Using the application example of organic semiconductor components, the necessary hole-injection layer (HIL) for example, poly(3,4-ethylene-dioxythiophene): poly(styrenesulfonate) (PEDOT: PSS) is typically prepared from a water-based solution [39,40,41]. Therefore, the surface must be clean and primed hydrophilic to allow subsequent coating processes. To do this, ultraviolet-ozone-treatment (UV/O3-treatment) is widely used due to its soft processing. Thereby, the immersion of the device or component into chemicals is no longer necessary and the treatment can be realised under atmospheric conditions. This method was originally developed to remove photoresist and organic residues from Silicon wafers in the semiconductor industry [29, 42]. Later it was used to clean and modify indium tin oxide films for OLED or OPV applications [17, 40, 43], to activate TiO2 layers before deposition of different metals [44, 45] as well as to enhance the wettability of PDMS for water based solutions [46,47,48,49].

In this article, the low-price UV/O3-cleaner is successfully used for cleaning and excitation of typical surfaces from semiconductor technology such as ITO or TiO2. To be used as a full-fledged alternative for cleaning devices, it must be demonstrated that the presented device is at least comparable to commercially available devices.

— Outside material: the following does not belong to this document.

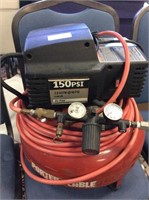 Porter cable air compressor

For this purpose, the emitting spectra were measured. If the two critical wavelengths of 253.7 nm (excitation of organic residues) and 184.9 nm (production of ozone from the atmospheric environment as a strong oxidant) are present, an excitation of organic impurities can take place and the substrate surface can be modified by the deep UV radiation [29, 30]. In this work, this effect was demonstrated with 3 examples (PDMS, TiO2 and indium tin oxide) and the underlying mechanisms were discussed. Preliminary experiments showed the application of PDMS thin films on aluminium substrates and the usage in the pre-treatment of indium tin oxide (ITO) substrates for OLED application. The functionality was quantified through time-dependent experiments with solid, amorphous TiO2 and pure PDMS samples. Here, the contact angle of water and diiodomethane was measured in dependence on the exposure time and the free surface energy (SFE) and the fractional polar and dispersive parts were calculated. The positive effect of surface pre-treatment was also demonstrated using the OLED application example. The cleaning and activation of the ITO surface resulted in a significantly more homogeneous layer formation of the typically water-based PEDOT:PSS solution. Thus, a more uniform lighting behaviour was achieved and the efficiency was improved [1, 2, 43].

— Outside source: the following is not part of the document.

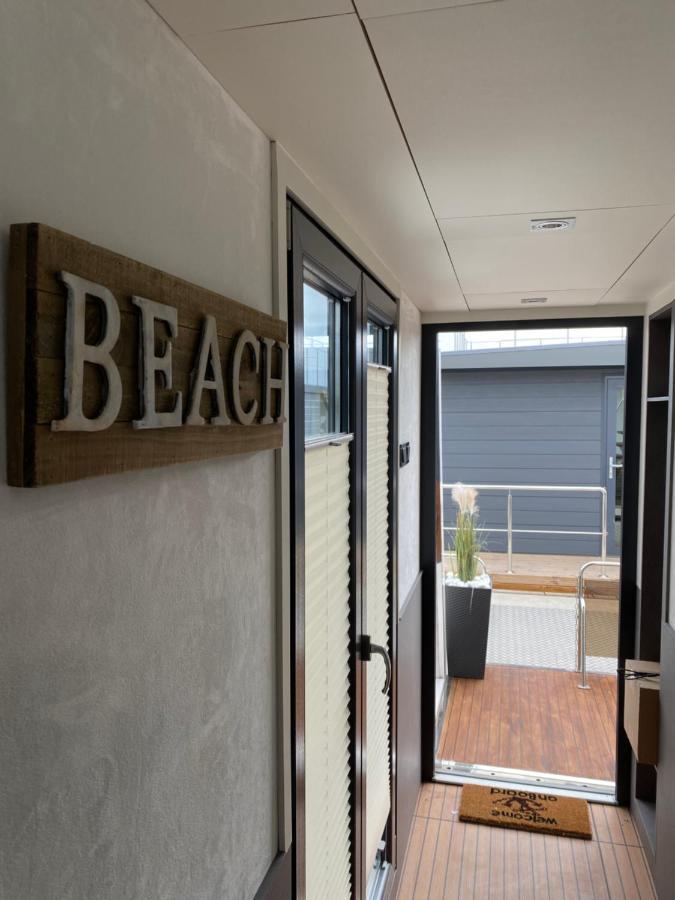 Hausboot Buddy Weyhe Bagian luar foto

The following Section describes the sample preparation, the setup of the cleaning device and the measuring methods used for device and sample characterization. In Sect. 3 the results of the UV/O3 treatment are presented and discussed. Section 4 summarizes the results and classifies the applicability of the cleaning device. Finally, the cited literature is shown in Sect. 5.

2 Materials and methods

2.1 Preparation of the TiO2-surfaces

TiO2 layers were deposited on Silicon Wafers by plasma-enhanced atomic layer deposition (PEALD) with the ALD150 system from the company FHR, Germany. Due to the plasma support in the layer deposition, the layer growth was realized at low temperatures and a high-density layer was produced simultaneously. The low temperature enabled the fabrication of amorphous TiO2 layers [50].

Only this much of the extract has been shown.